**AVAILABLE DATA**.
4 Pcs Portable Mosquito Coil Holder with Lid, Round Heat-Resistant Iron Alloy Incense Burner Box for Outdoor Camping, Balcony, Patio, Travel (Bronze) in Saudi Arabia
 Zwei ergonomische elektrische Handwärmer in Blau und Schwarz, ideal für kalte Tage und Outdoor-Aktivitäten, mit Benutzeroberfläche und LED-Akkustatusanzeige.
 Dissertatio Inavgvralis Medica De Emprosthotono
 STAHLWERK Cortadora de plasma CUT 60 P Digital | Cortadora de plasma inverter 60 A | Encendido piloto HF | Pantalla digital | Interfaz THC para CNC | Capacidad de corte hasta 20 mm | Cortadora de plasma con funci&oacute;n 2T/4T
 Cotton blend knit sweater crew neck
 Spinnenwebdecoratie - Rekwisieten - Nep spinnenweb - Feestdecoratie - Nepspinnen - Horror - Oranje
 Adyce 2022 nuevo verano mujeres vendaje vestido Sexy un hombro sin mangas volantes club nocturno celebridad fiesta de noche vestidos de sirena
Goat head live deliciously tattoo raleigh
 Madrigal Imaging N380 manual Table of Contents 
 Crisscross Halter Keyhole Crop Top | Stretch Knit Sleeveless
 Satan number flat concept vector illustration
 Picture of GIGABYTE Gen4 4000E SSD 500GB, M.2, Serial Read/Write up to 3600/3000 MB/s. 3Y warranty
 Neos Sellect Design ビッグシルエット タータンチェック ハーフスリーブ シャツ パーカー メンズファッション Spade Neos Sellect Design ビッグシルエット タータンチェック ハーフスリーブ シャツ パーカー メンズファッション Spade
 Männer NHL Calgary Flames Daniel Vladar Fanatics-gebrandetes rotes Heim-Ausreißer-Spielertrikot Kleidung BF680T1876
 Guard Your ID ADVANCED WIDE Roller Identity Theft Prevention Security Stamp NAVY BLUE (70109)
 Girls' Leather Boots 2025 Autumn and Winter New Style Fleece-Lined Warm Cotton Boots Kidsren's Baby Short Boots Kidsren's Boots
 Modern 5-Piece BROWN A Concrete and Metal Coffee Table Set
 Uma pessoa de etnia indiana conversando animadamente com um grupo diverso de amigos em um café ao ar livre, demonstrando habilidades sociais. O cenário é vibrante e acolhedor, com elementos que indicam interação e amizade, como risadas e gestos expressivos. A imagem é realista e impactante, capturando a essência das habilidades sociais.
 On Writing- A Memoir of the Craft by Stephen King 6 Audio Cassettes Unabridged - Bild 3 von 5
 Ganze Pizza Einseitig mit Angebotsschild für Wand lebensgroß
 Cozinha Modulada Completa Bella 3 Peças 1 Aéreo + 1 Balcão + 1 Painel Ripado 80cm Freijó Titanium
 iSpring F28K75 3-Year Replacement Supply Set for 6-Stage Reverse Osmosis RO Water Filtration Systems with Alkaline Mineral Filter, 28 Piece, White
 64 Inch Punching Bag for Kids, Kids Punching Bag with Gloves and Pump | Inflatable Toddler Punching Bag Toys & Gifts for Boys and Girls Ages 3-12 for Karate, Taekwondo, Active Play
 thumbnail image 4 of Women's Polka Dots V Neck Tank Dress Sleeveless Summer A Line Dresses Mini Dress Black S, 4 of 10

**DIRECTIONS**. Which lines above run from the one containing "Männer NHL Calgary" to the one containing "Girls' Leather Boots"? Give them again exactly, both ends included.

**WRITTEN ANSWER**.
 Männer NHL Calgary Flames Daniel Vladar Fanatics-gebrandetes rotes Heim-Ausreißer-Spielertrikot Kleidung BF680T1876
 Guard Your ID ADVANCED WIDE Roller Identity Theft Prevention Security Stamp NAVY BLUE (70109)
 Girls' Leather Boots 2025 Autumn and Winter New Style Fleece-Lined Warm Cotton Boots Kidsren's Baby Short Boots Kidsren's Boots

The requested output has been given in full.